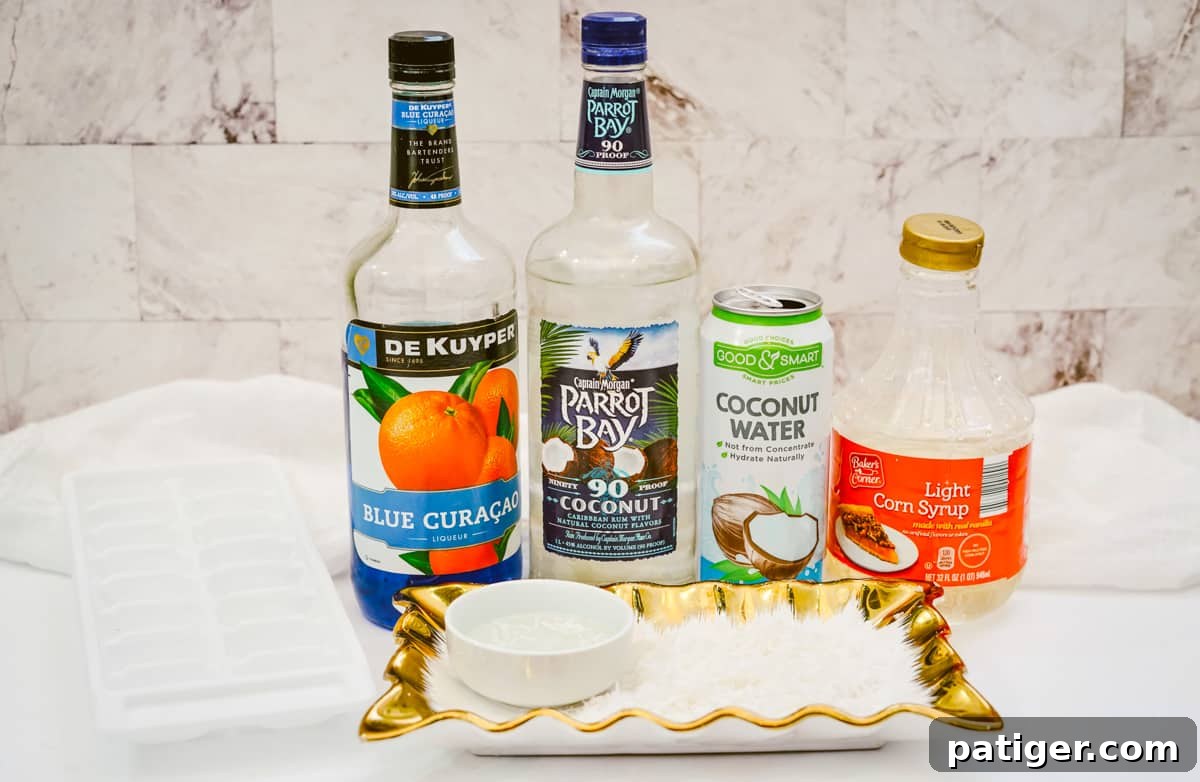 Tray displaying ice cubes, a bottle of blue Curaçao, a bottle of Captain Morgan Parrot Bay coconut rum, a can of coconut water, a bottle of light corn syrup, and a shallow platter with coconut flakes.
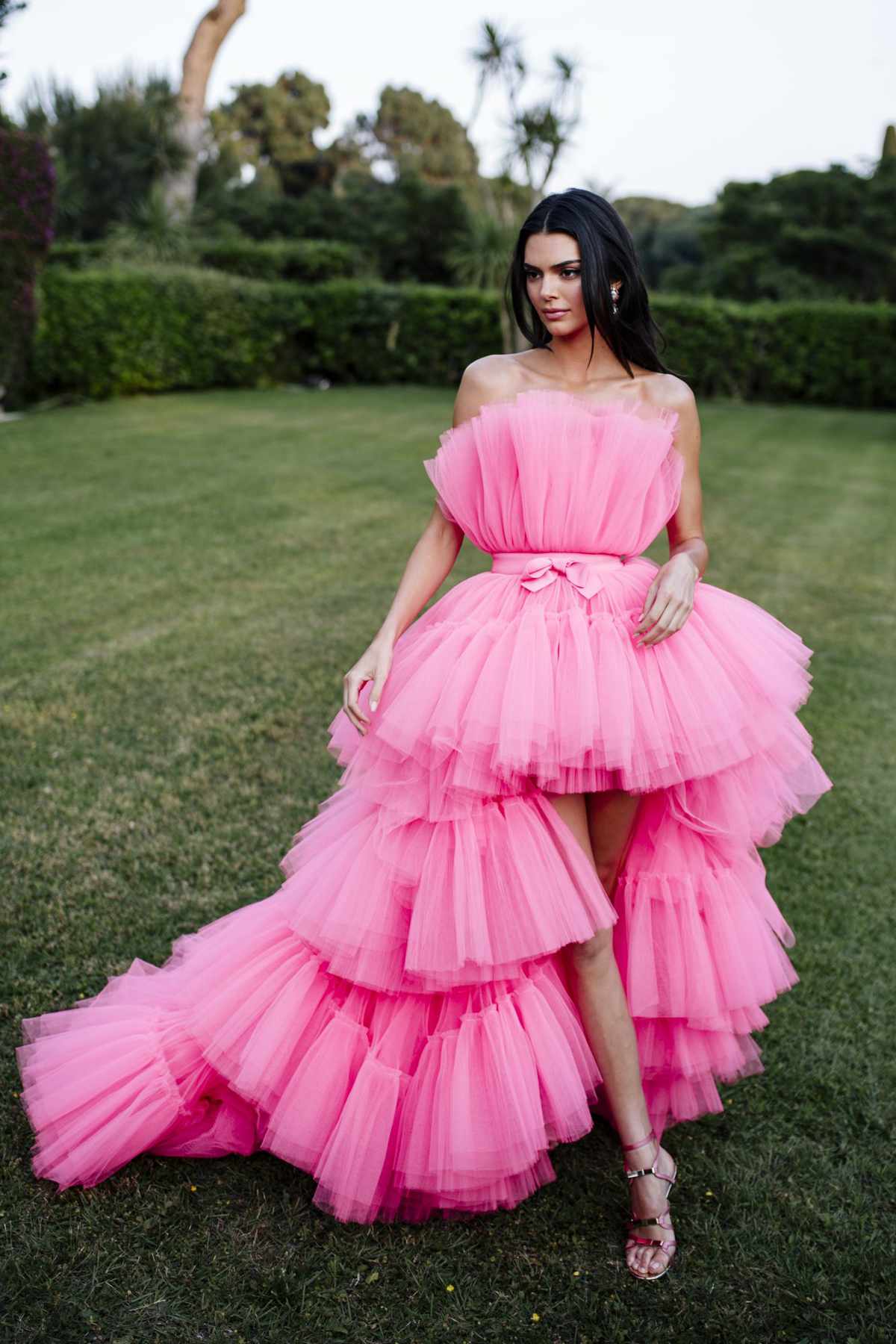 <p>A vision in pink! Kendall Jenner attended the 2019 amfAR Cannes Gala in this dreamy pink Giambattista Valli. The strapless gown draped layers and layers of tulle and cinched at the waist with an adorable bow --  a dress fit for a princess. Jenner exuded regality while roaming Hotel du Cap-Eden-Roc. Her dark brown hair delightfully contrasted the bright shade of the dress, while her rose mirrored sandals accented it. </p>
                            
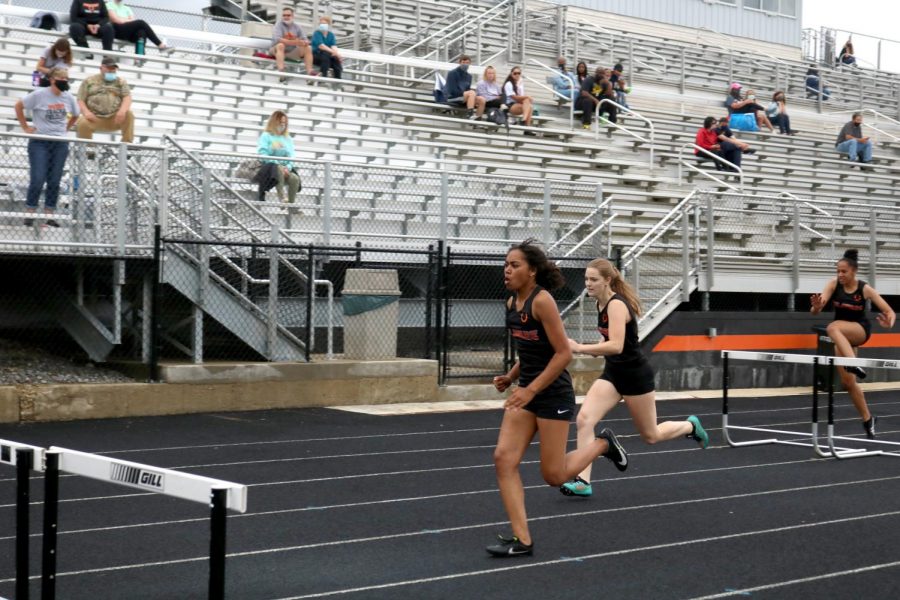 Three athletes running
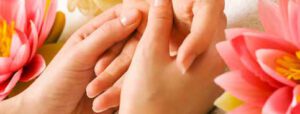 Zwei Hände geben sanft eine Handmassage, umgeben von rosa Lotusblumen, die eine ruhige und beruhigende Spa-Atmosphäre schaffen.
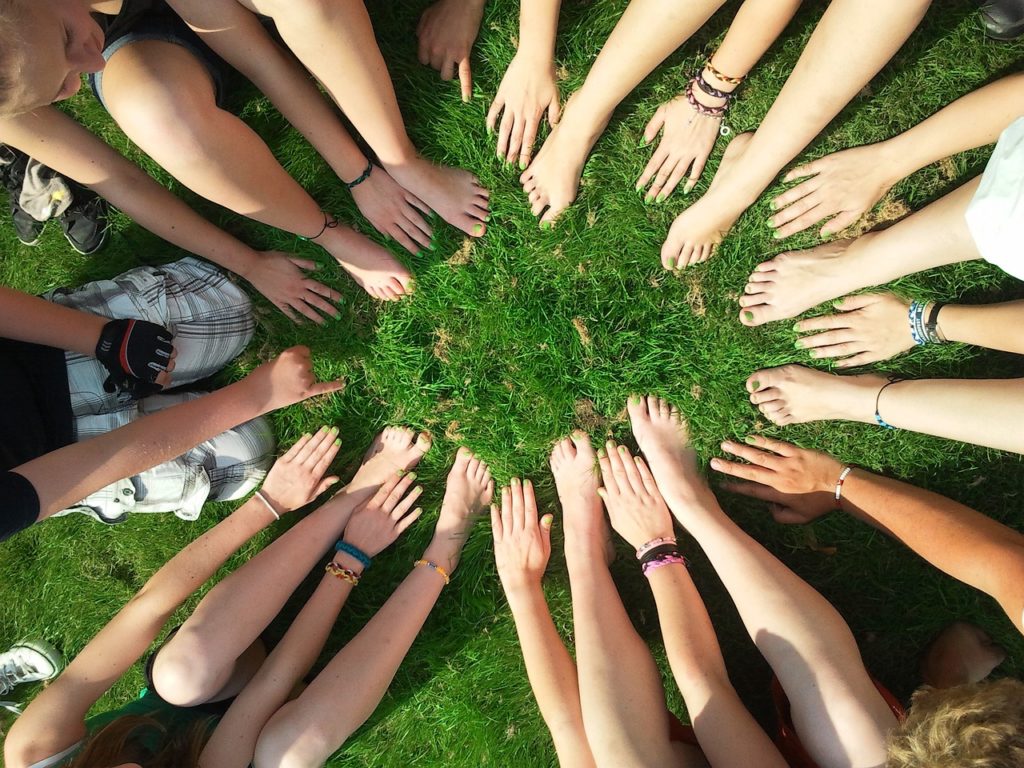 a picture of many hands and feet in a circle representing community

**What you should do**: Repeat the line containing "Zwei Hände geben" and every line after it up to the end of the material above, exactly as they stand, minus the pictures.

**Completed task**:
 Zwei Hände geben sanft eine Handmassage, umgeben von rosa Lotusblumen, die eine ruhige und beruhigende Spa-Atmosphäre schaffen.
 a picture of many hands and feet in a circle representing community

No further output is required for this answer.